▶ _Information shown_:
* * * * *

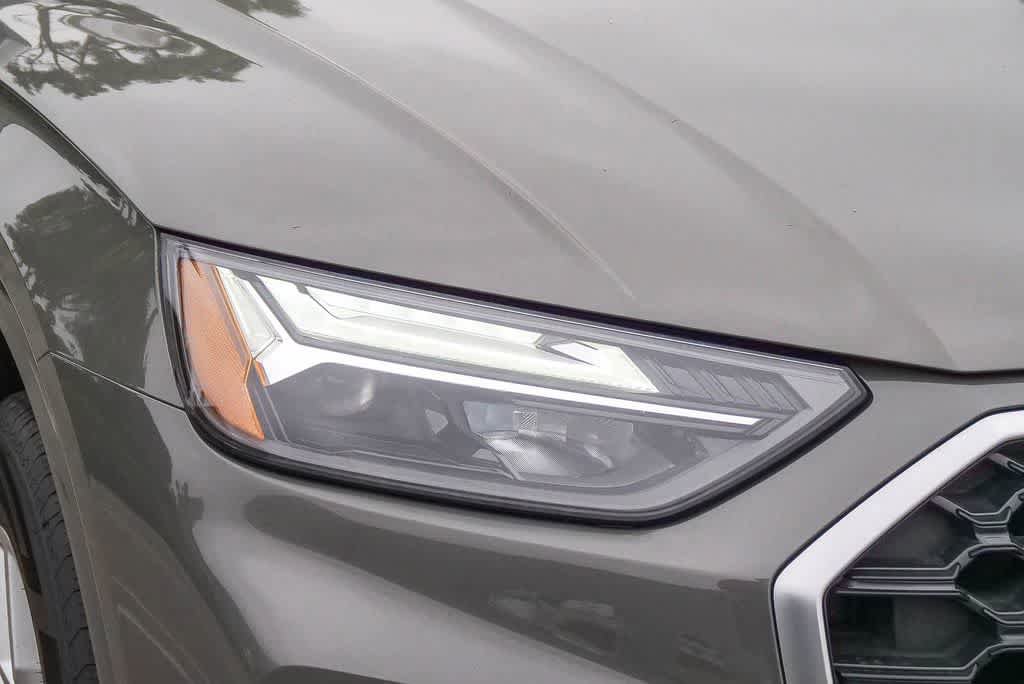 Used 2023 Audi Q5 2.0T Premium w/ Convenience Package AWD/4WD image 4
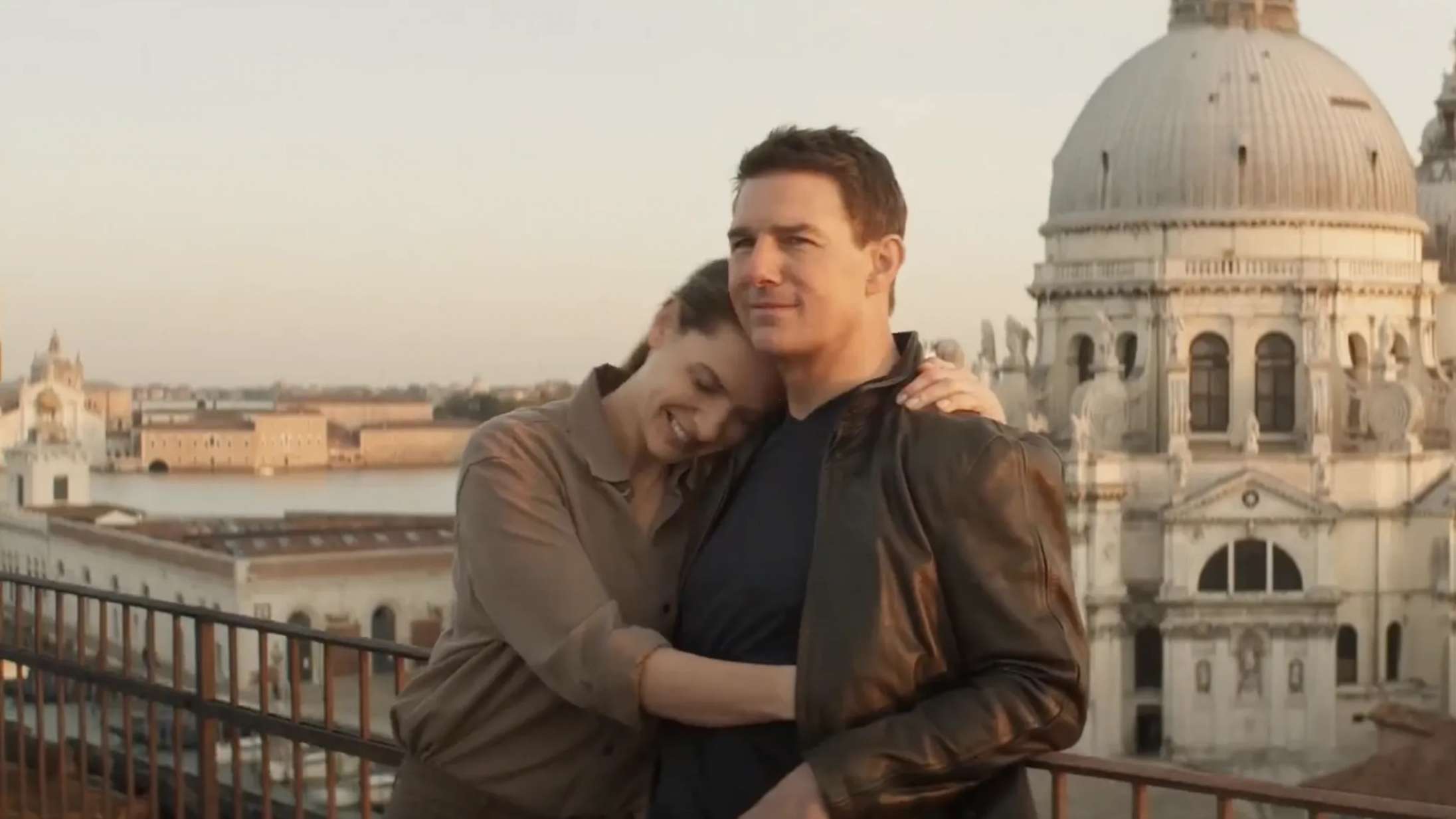 Se Tom Cruise risikere liv og lemmer i første trailer til ‘Mission Impossible 7’
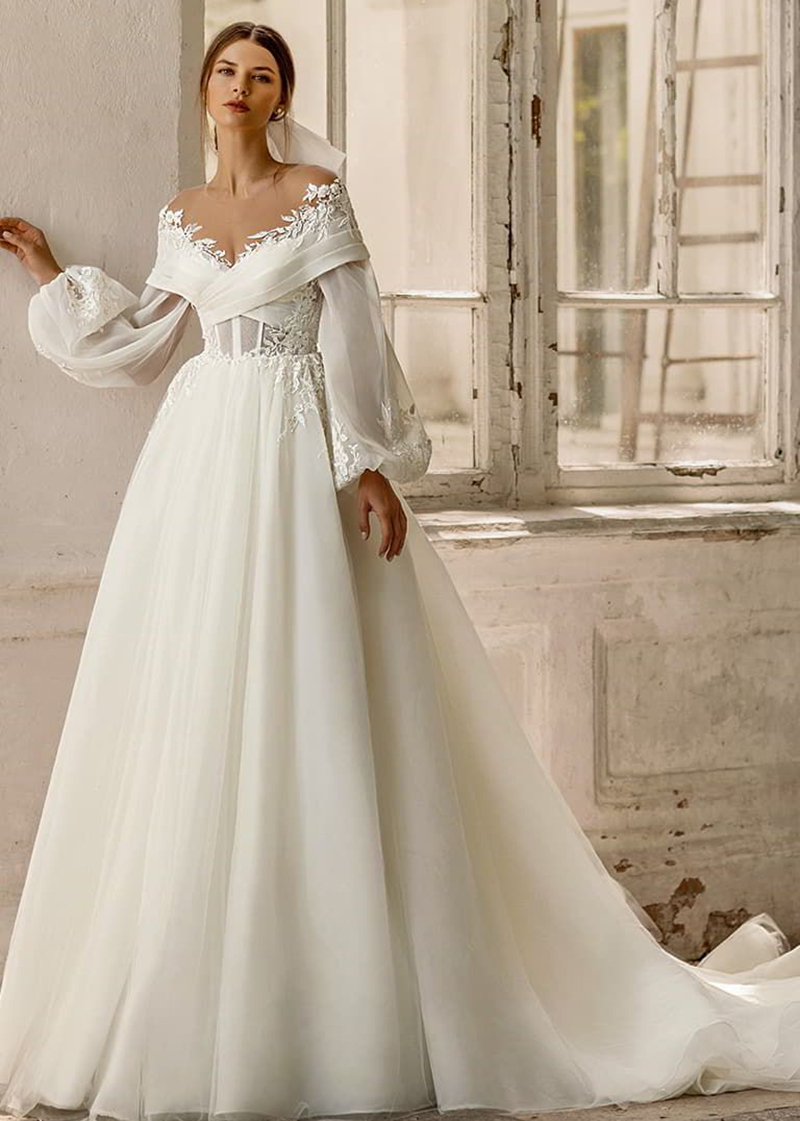 Gorgeous Ivory A Line Wedding Dress Sheer Neck Off Shoulder Long Sleeve Princess Bridal Gowns Lace Appliques Bride Dresses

* * * * *

▶ _Work required_: Could the data be reproduced exactly, with the pictures omitted?

▶ _Written solution_:
 Used 2023 Audi Q5 2.0T Premium w/ Convenience Package AWD/4WD image 4
 Se Tom Cruise risikere liv og lemmer i første trailer til ‘Mission Impossible 7’
 Gorgeous Ivory A Line Wedding Dress Sheer Neck Off Shoulder Long Sleeve Princess Bridal Gowns Lace Appliques Bride Dresses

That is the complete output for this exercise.